夏川椎菜の4thアルバム『CRACK and FLAP』が2月4日にリリースされる。近年は唯一無二の「隙間産業」(本人曰く)を独自路線で突っ走ってきた彼女だが、2年以上ぶりのアルバム制作にあたって新たな目標を掲げた様子。壊して羽ばたく、新世界を目指す夏川椎菜の現在位置を聞く。

INTERVIEW & TEXT BY 青木佑磨(学園祭学園)

1回ぶち壊して、もう1回羽ばたき直すための『CRACK and FLAP』

ーー4thアルバム『CRACK and FLAP』は3rdの『ケーブルサラダ』以来2年以上ぶりのリリースというのが意外ですね。その期間内に『Ep04』を出していたりするのもあってですが、「シャドウボクサー」ってまだアルバムに入っていなかったんだと思いました。

夏川椎菜 そうなんですよ、結構前の曲のイメージがありますよね。4thアルバムを作り始めるまでの期間に私が何をやっていたのかというと、『ケーブルモンスター』という3rdアルバムのライブツアーをやった後、2年くらいかけてずっとリベンジライブをやっていて。なので、昔のライブをこすりまくるっていう(笑)。悪く言ったら停滞しているというか、過去から先に進んでない感というか。だから次に新しく自分の活動をするってなった時に、ただの一歩ではなく、ちゃんと跳び出すような大きなジャンプをしたいと思ったんです。だから今回『CRACK and FLAP』というタイトルにはそういう思いを込めましたね。「殻を破る、さらにそれだけじゃなく羽ばたくのだ」と。生まれ直しじゃないですけど、リベンジライブで自分の気持ちに整理を付けられたので、ここらで1回ぶち壊して、もう1回羽ばたき直してもいいんじゃないかって。
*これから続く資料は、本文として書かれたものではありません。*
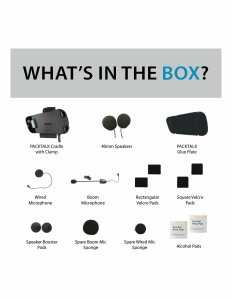 Kit pentru a doua casca Cardo Packtalk, 4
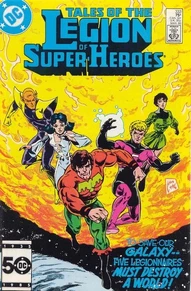 Legion of Super-Heroes #333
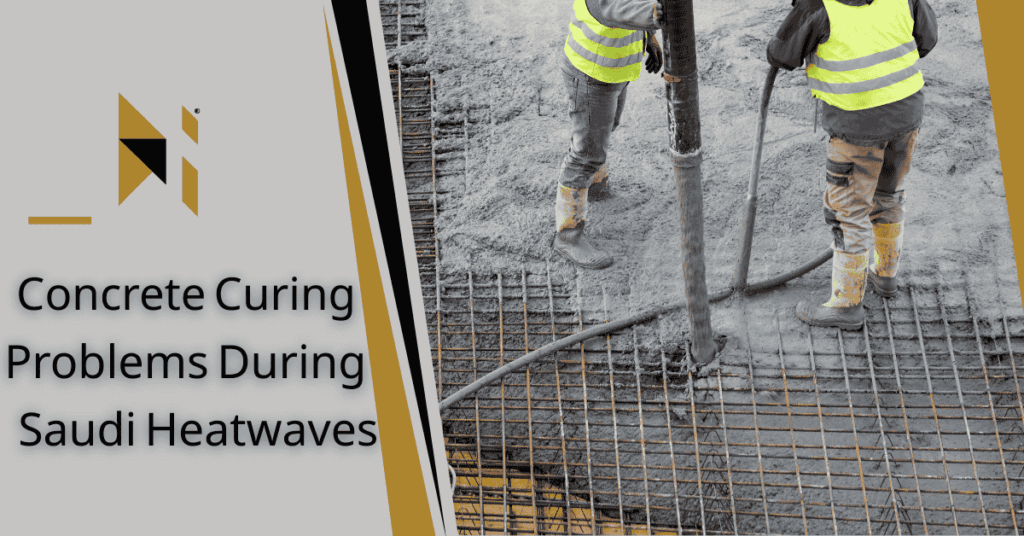 Concrete Curing Problems During Saudi Heatwaves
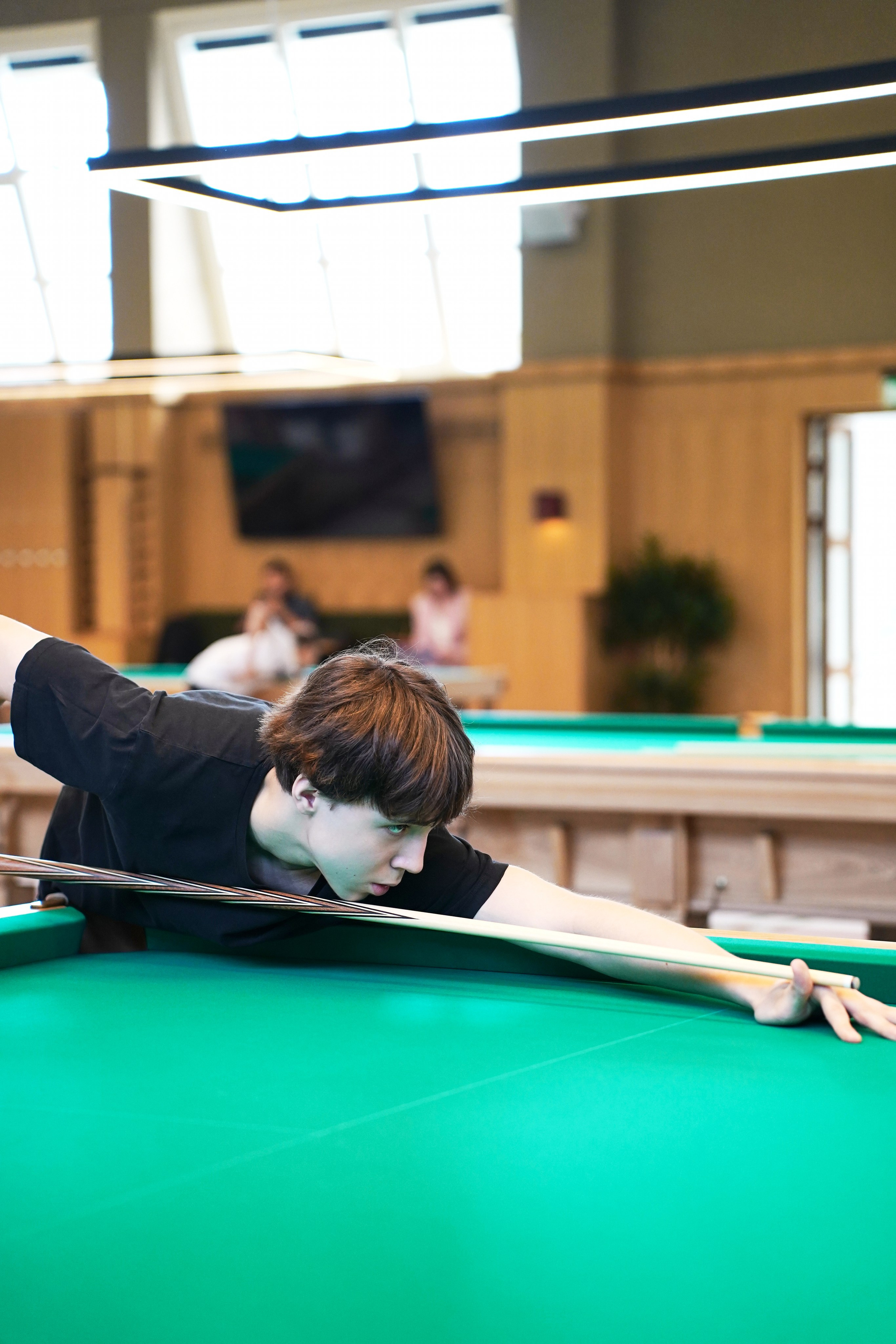 Бильярд Родина. Фотограф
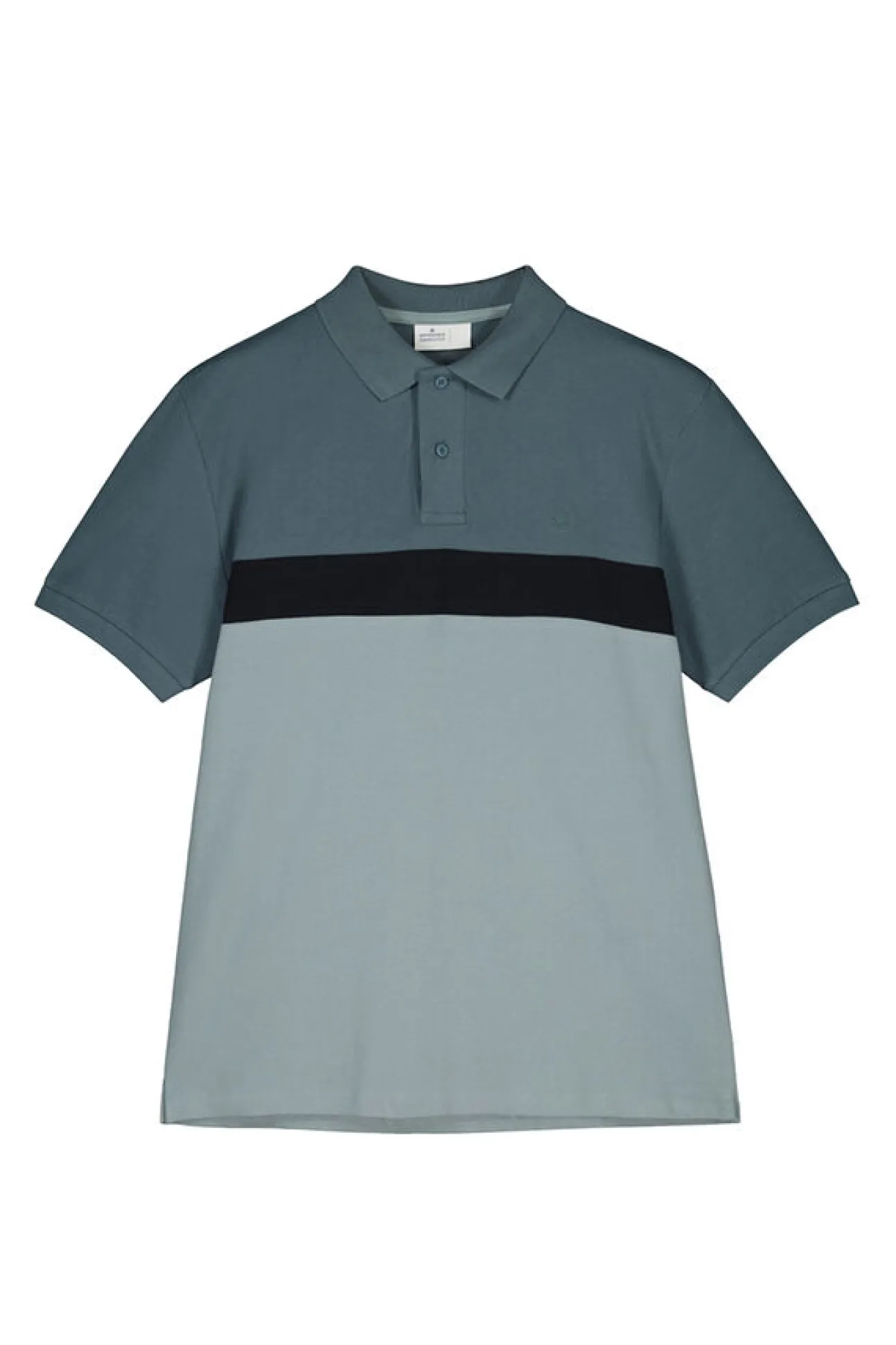 Polo Pique Color Block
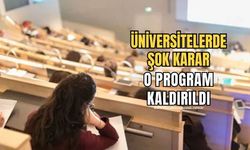 Devlet üniversiteleri için tarihi karar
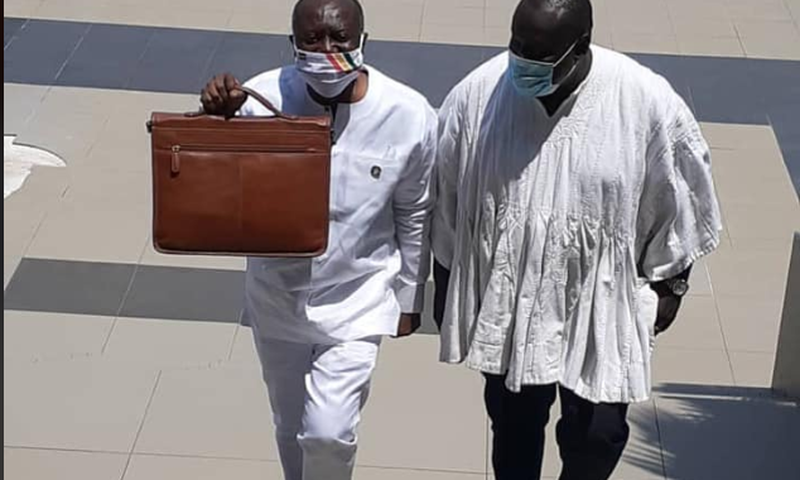 Ken Ofori-Atta: Gov’t spent GH¢54.3 million on free meals during lockdown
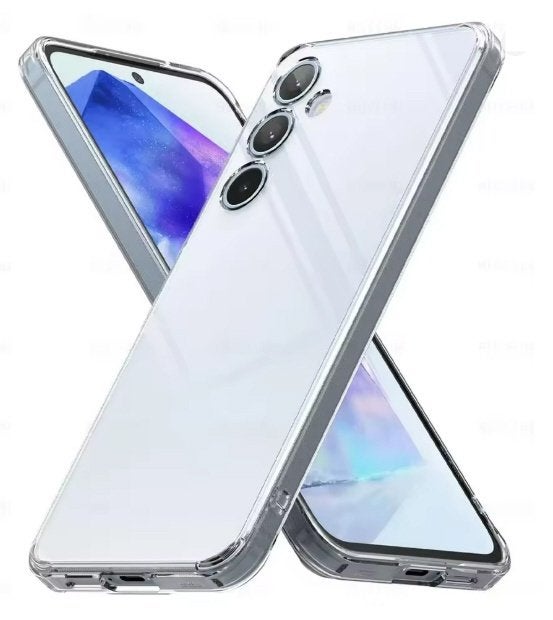 Samsung A56 G5 Siliconen Telefoon Beschermhoes Transparant, Ophalen of Verzenden, Nieuw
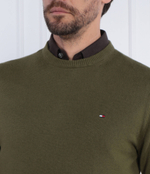 Свитер Tommy Hilfiger - зеленый(MW0MW28046)
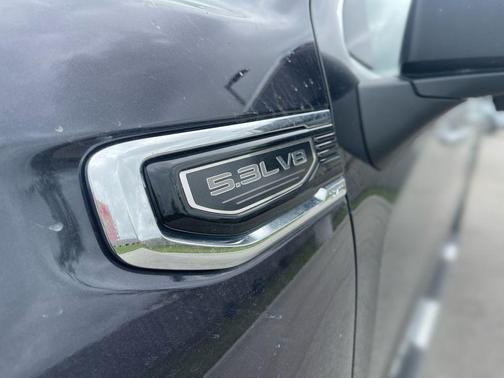 Titanium Rush Metallic 2024 GMC Sierra 1500 SLT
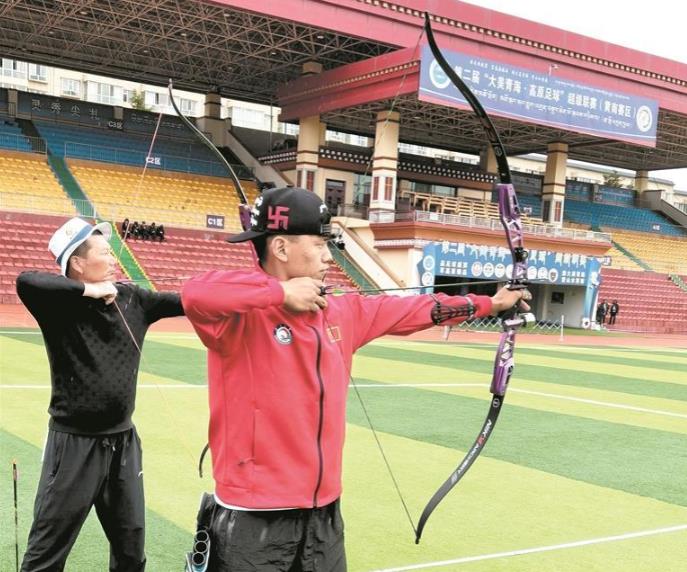 【相約神韻黃南 共譜團結新篇——聚焦青海省第八屆少數民族傳統體育運動會·心聲】當傳統競技遇見青春力量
ーー1stアルバム収録の「ファーストプロット」から3rdアルバム収録の「ラフセカンド」までで、聴き手の感覚として一度伏線回収が行われた感覚があったんですよ。「第一部・完」といいますか。

夏川 それは実際あると思います。「第一部・完」があるからリベンジライブも安心してできた感覚がありましたし。

ーーリベンジライブで第一部がどんなものだったかを振り返る期間を経て、完全に「夏川椎菜・第二部」を始めるアルバムのように聴こえました。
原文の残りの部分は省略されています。